Phase 2 – Actors (15 minutes)

Ask the room:

“Whose behaviour, if it changed, would affect this goal? I want names or roles, not ‘users.’ Specific enough that we could identify them in our database or watch them at their desk.”

The team writes actors on yellow notes and places them in the second column. Actors can be external (subscribers, prospects, referrers, suppliers, journalists) or internal (support agents, warehouse staff, operations). They can be automated (the billing cron, the churn-prediction model, the weekly newsletter). Automated actors are first-class here — a scheduled job that sends the wrong email affects the goal exactly as much as a person who does.

Push for specificity:

“‘Subscribers’ is too broad. Which subscribers? First-month subscribers? Subscribers who’ve paused once and come back? Subscribers whose delivery day has changed in the last sixty days?”

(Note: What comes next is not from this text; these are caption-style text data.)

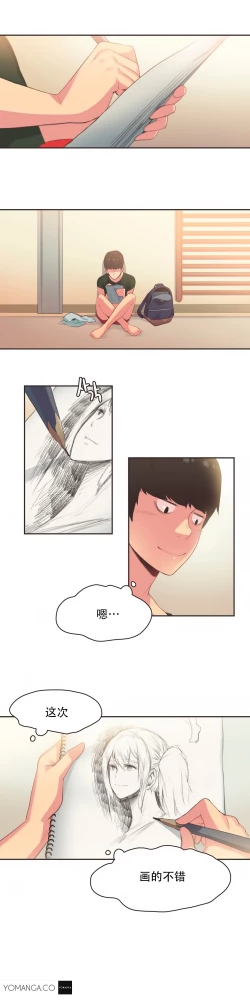 Page 411 of Sports Girl ch.1-28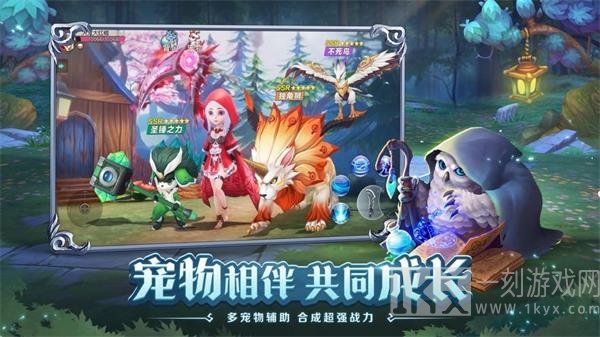 新月童话镇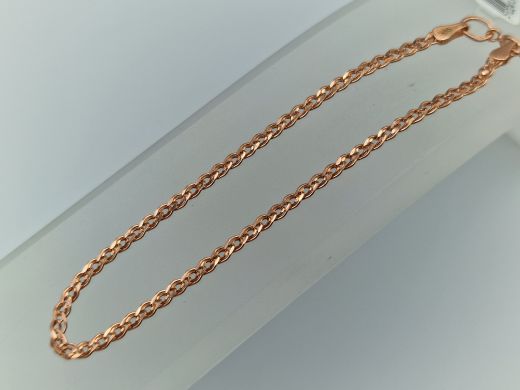 Zelta rokassprādze, 0.94 g, izm. 17.5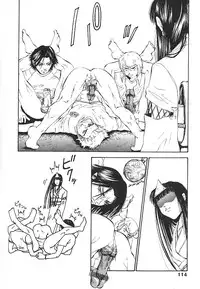 [pikupikun] indigo maiden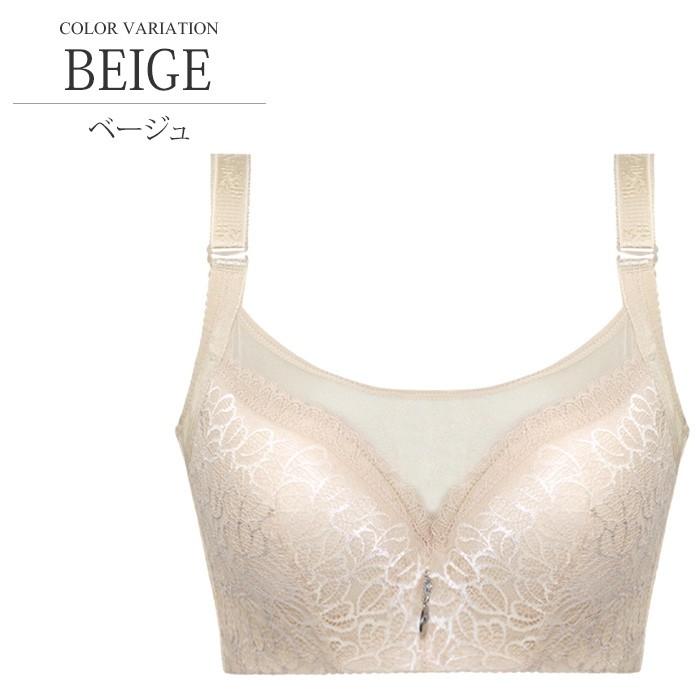 ブラジャー 大きいサイズ フルカップ 脇肉 背中スッキリ 30代 40代 メリハリ ブラ 補正下着 3列5段ホック ホールド 育乳 ナイトブラ |  | 20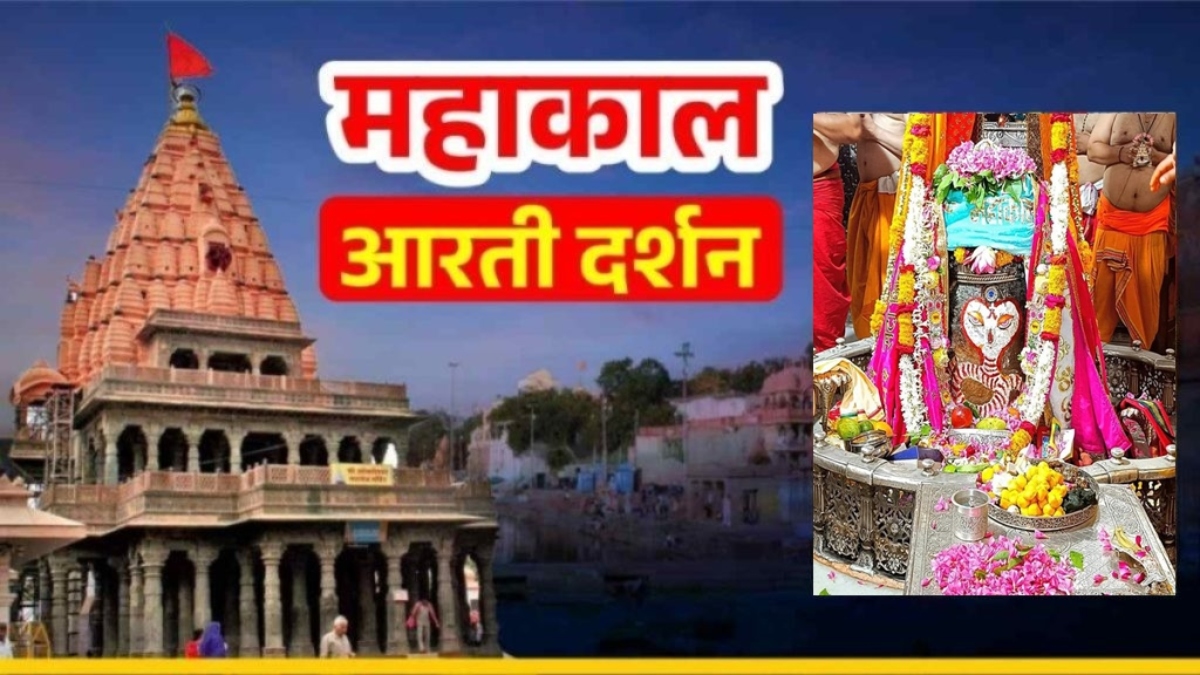 5 जुलाई महाकाल भस्म आरती: भगवान महाकालेश्वर का नागचंद्रेश्वर स्वरूप में श्रृंगार, यहां कीजिए बाबा के दर्शन  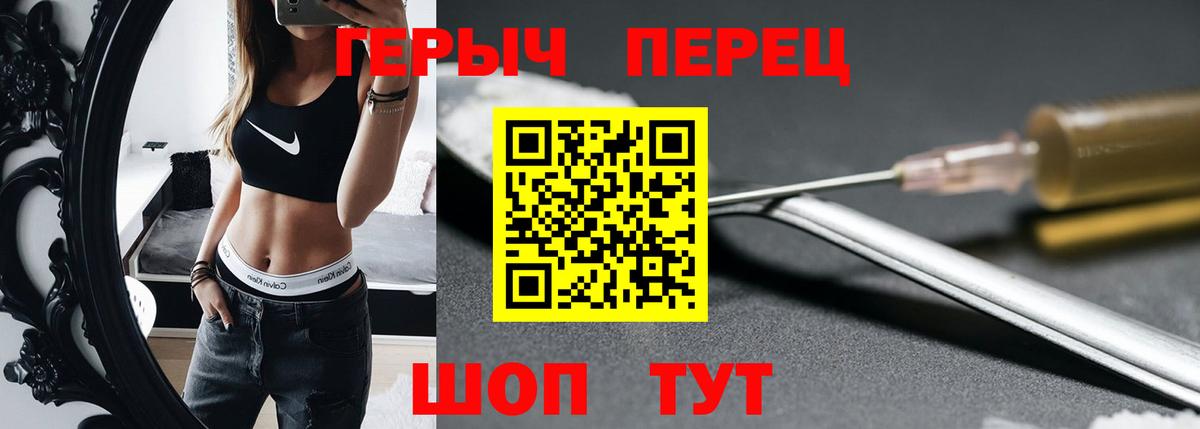 Героин белый  ГЕРОИН  Грязи 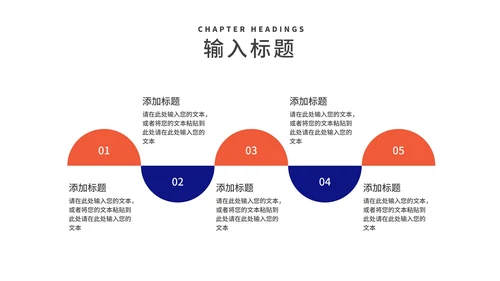 深蓝几何风商业合作企业宣传汇报PPT模板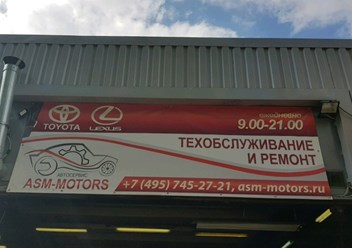 Автосервис Dram Auto. Качественный ремонт вашего автомобиля!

Different slices of subscribers have different behaviour, and the map gets useful when the slices are named.

What to watch for:

  • Jumping to deliverables. “We need a referral programme.” That’s a blue note. Pull it back: “Who would use the referral programme? What behaviour would change? Start from the actor.”
  • Forgetting internal actors. Teams focus on external customers and forget that their own support team, warehouse, or on-call engineer is an actor whose behaviour affects the goal.
  • Forgetting adversarial actors. Churning subscribers are actors. People who try the service and don’t convert are actors. Don’t only list the actors you want to help.
  • Too many actors. Above eight, the map becomes unreadable. Group the similar ones or focus on the actors most central to the goal.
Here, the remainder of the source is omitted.